The vaccines currently used were designed to target the early strains of the virus, though health officials have said they have been preparing for the possibility that the shots would eventually need to be changed — like the annual flu shot — to respond to new variants.
“I actually think we’re in a really good place with the technologies we have, because if a new variant came along, it would probably be a matter of very few months before we would be mass-producing a vaccine against that variant,” Dr. Peter Marks, the FDA’s top vaccines official, told an American Medical Association webinar in mid-November.
“The spike protein, if it changes, it can be easily then shifted back into the vaccine manufacturing process, not just for the mRNA, but for other vaccines as well. We won’t have to go back to square one and do large scale clinical trials,” said Marks.

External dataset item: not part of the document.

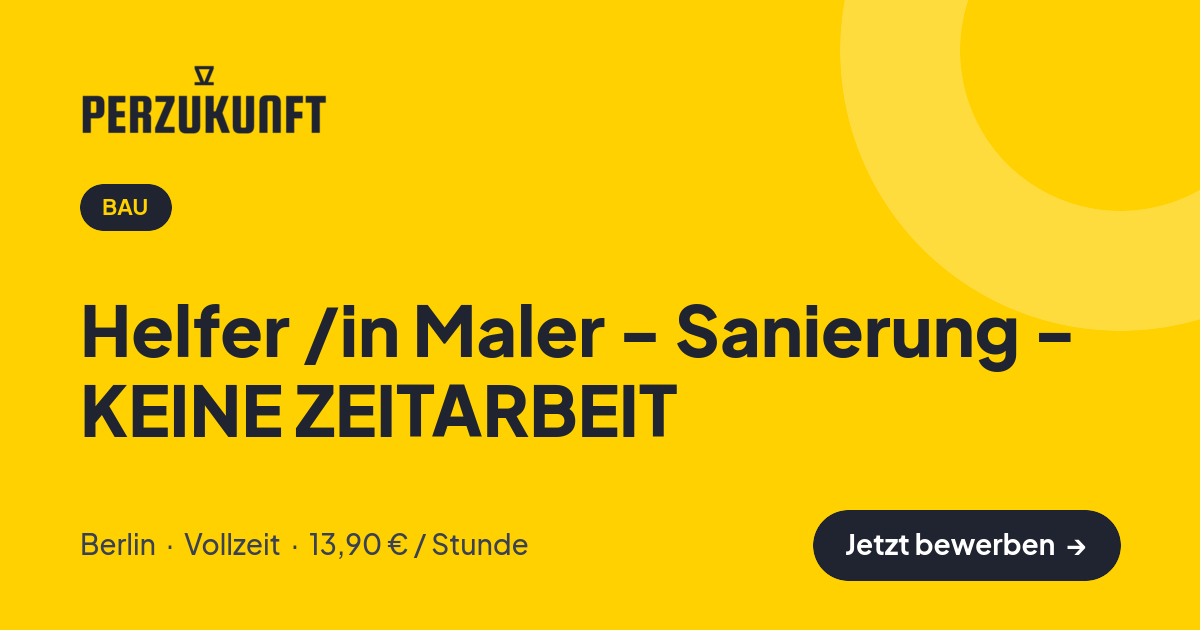 Stellenangebot: Helfer /in Maler - Sanierung - KEINE ZEITARBEIT – Bau Jobs in Berlin – perZukunft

Can current tests detect Omicron?
Test manufacturers and the FDA say widely used rapid and lab-based PCR tests for COVID-19 “show low likelihood of being impacted and continue to work” to detect whether people are infected by SARS-CoV-2.
And some tests may even help accelerate the ability of health officials to track and investigate cases of Omicron. Unlike the Delta variant, cases of Omicron can lead to the same “S-gene target failure” seen in positive tests for infections by the Alpha variant earlier in the pandemic.
Some countries have been using this quirk in some COVID-19 tests to prioritize which samples collected from recent positive tests should be sequenced, speeding their investigations into whether Omicron caused the infection. The FDA recently reported 26 different test kits that labs can use to screen for potential cases.
“You can get a sense before you do the whole genome sequencing of what proportion of the samples that are testing positive might be this variant,” Richard Lessells, an infectious diseases specialist at the University of KwaZulu-Natal said at a press conference with South African health officials on November 25.